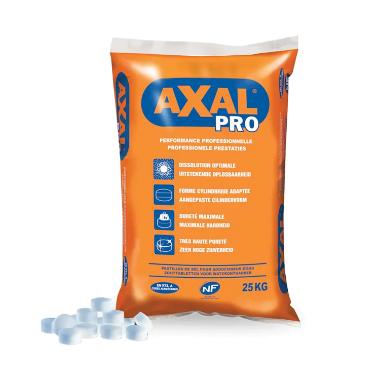 Pastille de sel pour adoucisseur d'eau Axal pro - 25 kg 
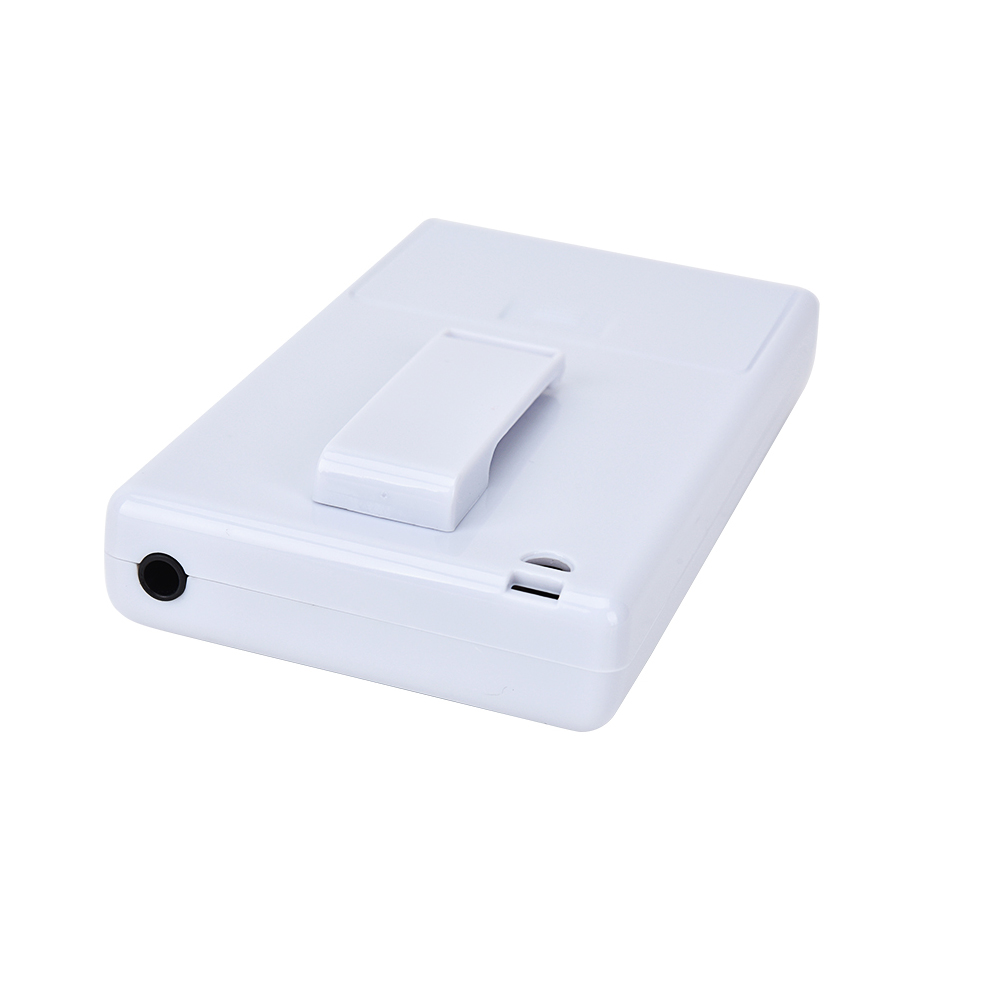 Mini FM Radio Portable 60-108MHZ DSP Radio Receiver with Stereo Earphone Headset Rechargeable Battery receiver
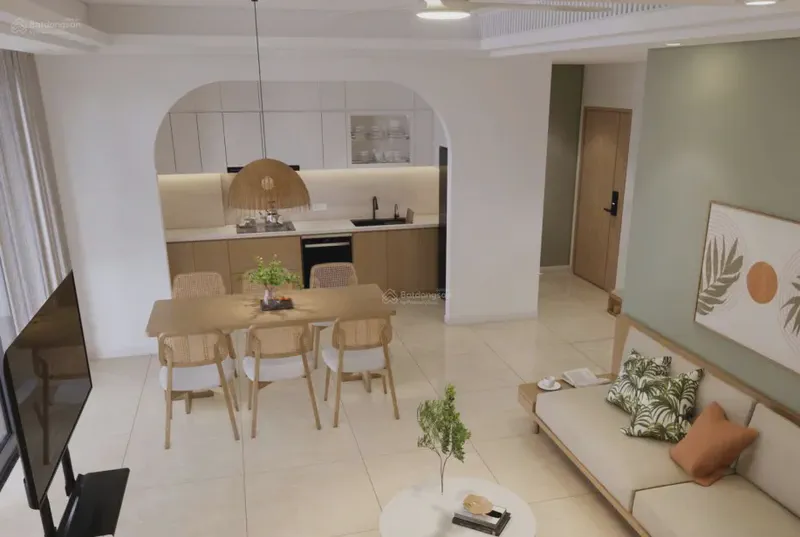 Sun Cosmo Residence Sea View 3-Bedroom 99m² for rent in Bac My Phu, Da Nang — interior detail (photo 6 of 10)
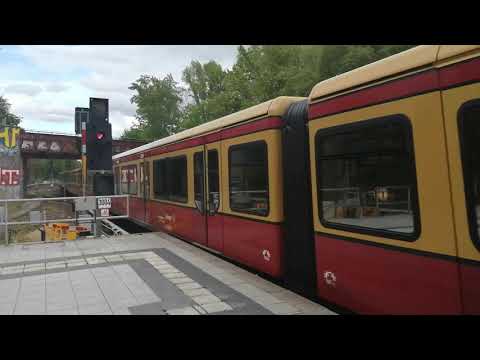 S-Bahn Berlin Westkreuz S3 S5 S7 S9 S75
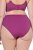 Ulla Popken 811602 Slip con pizzo Viola scuro - Slip - 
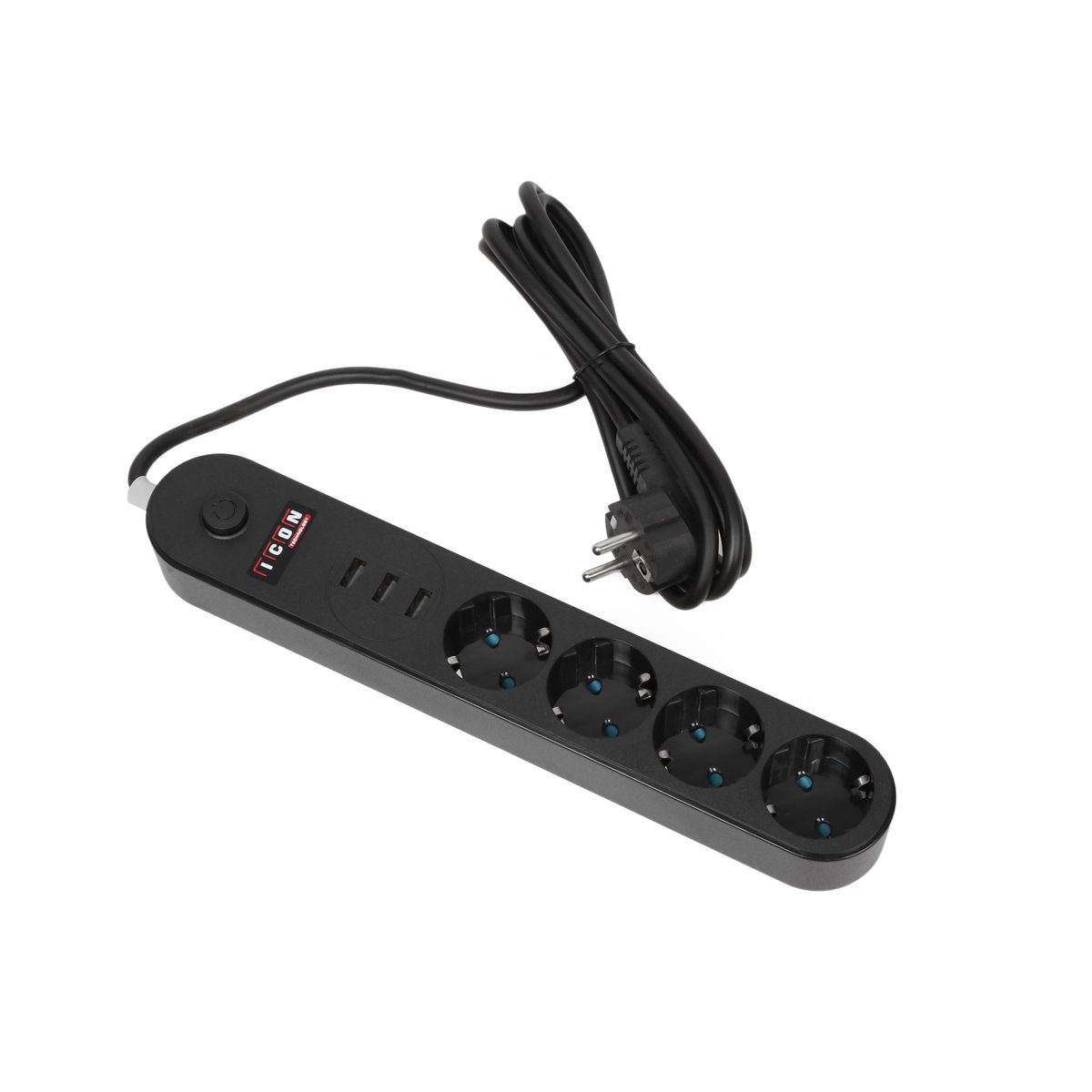 bayindirelk's tweet photo. Icon BM-9201 Akım Korumalı 4'lü Priz 3 Port Usb Çoklu Grup Priz 2 Metre Kablo 10A - Siyah #bayındırelektronik #ultratekno #priz #gruppriz #akımkorumalıpriz #philips #arçelik #bosch #altus #viko #ldnio #usbport #sirkeci #istanbul #ankara #izmir #eminönü #tahtakale #alışveriş https://t.co/pLPuAe4OEn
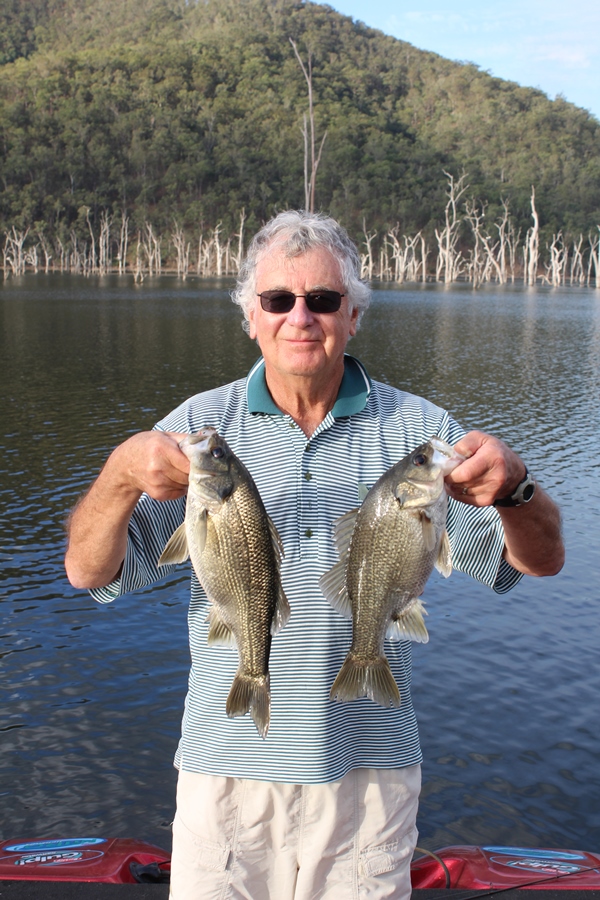 borumba dam bass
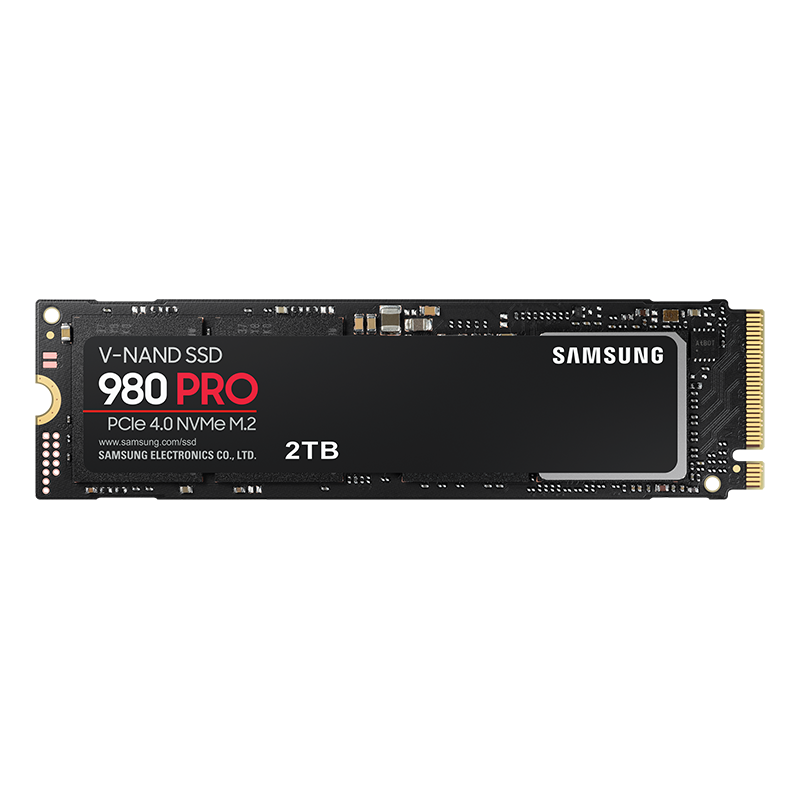 SAMSUNG 三星 980 PRO NVMe M.2 固态硬盘 2TB（PCI-E4.0） 1139元 （需用券）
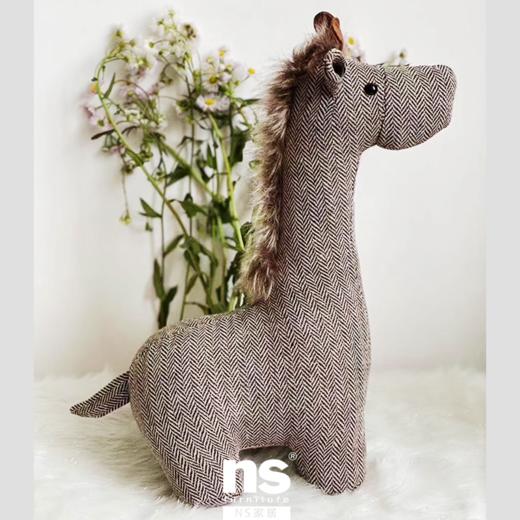 NS家居nsfurniture布艺动物卡通玩偶摆件书档门档NSDE-DOLL 商品图9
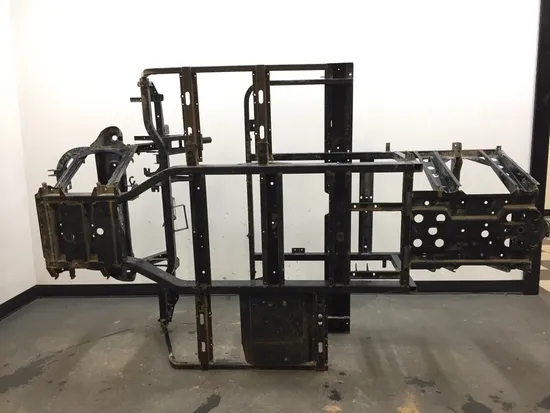 Frame Chassis CLN Ready To Go 2008 Polaris Ranger XP 700 4x4 EFI 2714 x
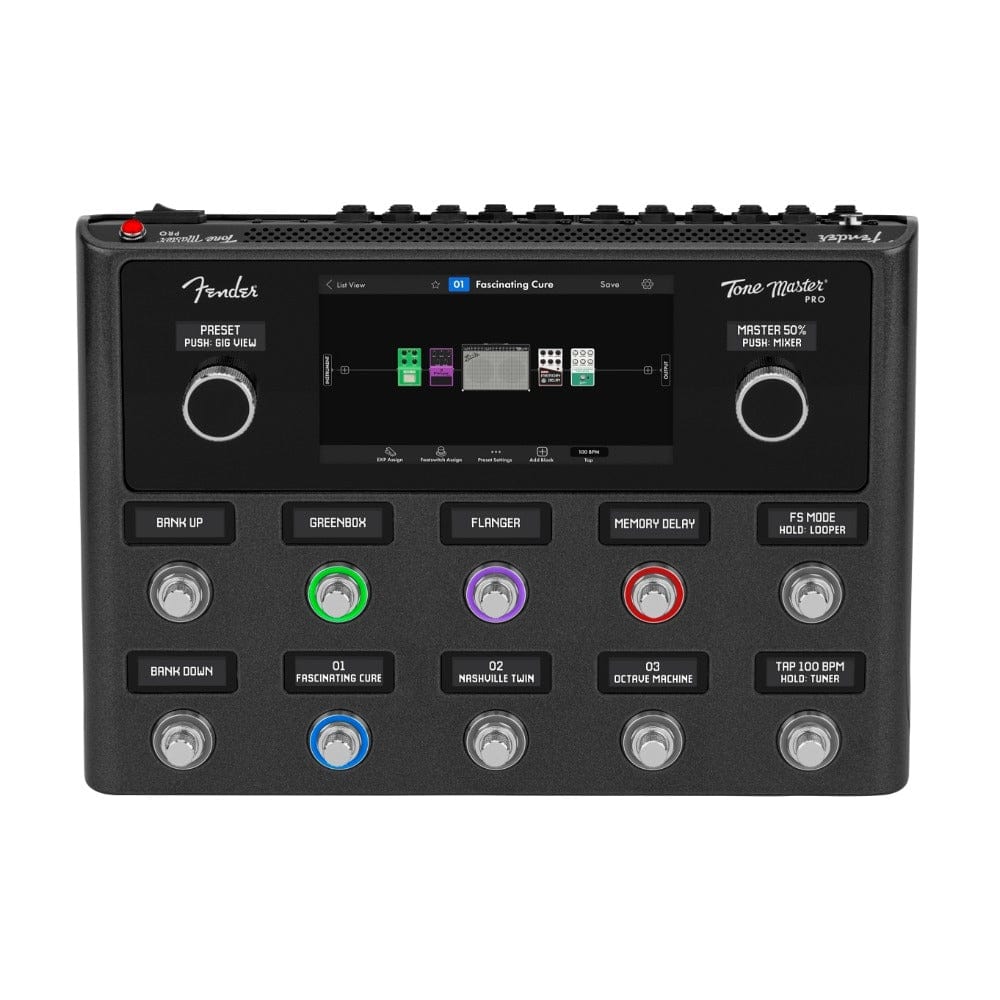 Fender Tone Master Pro Multi Effects Guitar Workstation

Task directions :: The records above should be copied word for word, with the pictures left out.

Solution ::
 Pastille de sel pour adoucisseur d'eau Axal pro - 25 kg 
 Mini FM Radio Portable 60-108MHZ DSP Radio Receiver with Stereo Earphone Headset Rechargeable Battery receiver
 Sun Cosmo Residence Sea View 3-Bedroom 99m² for rent in Bac My Phu, Da Nang — interior detail (photo 6 of 10)
 S-Bahn Berlin Westkreuz S3 S5 S7 S9 S75
 Ulla Popken 811602 Slip con pizzo Viola scuro - Slip - 
 bayindirelk's tweet photo. Icon BM-9201 Akım Korumalı 4'lü Priz 3 Port Usb Çoklu Grup Priz 2 Metre Kablo 10A - Siyah #bayındırelektronik #ultratekno #priz #gruppriz #akımkorumalıpriz #philips #arçelik #bosch #altus #viko #ldnio #usbport #sirkeci #istanbul #ankara #izmir #eminönü #tahtakale #alışveriş https://t.co/pLPuAe4OEn
 borumba dam bass
 SAMSUNG 三星 980 PRO NVMe M.2 固态硬盘 2TB（PCI-E4.0） 1139元 （需用券）
 NS家居nsfurniture布艺动物卡通玩偶摆件书档门档NSDE-DOLL 商品图9
 Frame Chassis CLN Ready To Go 2008 Polaris Ranger XP 700 4x4 EFI 2714 x
 Fender Tone Master Pro Multi Effects Guitar Workstation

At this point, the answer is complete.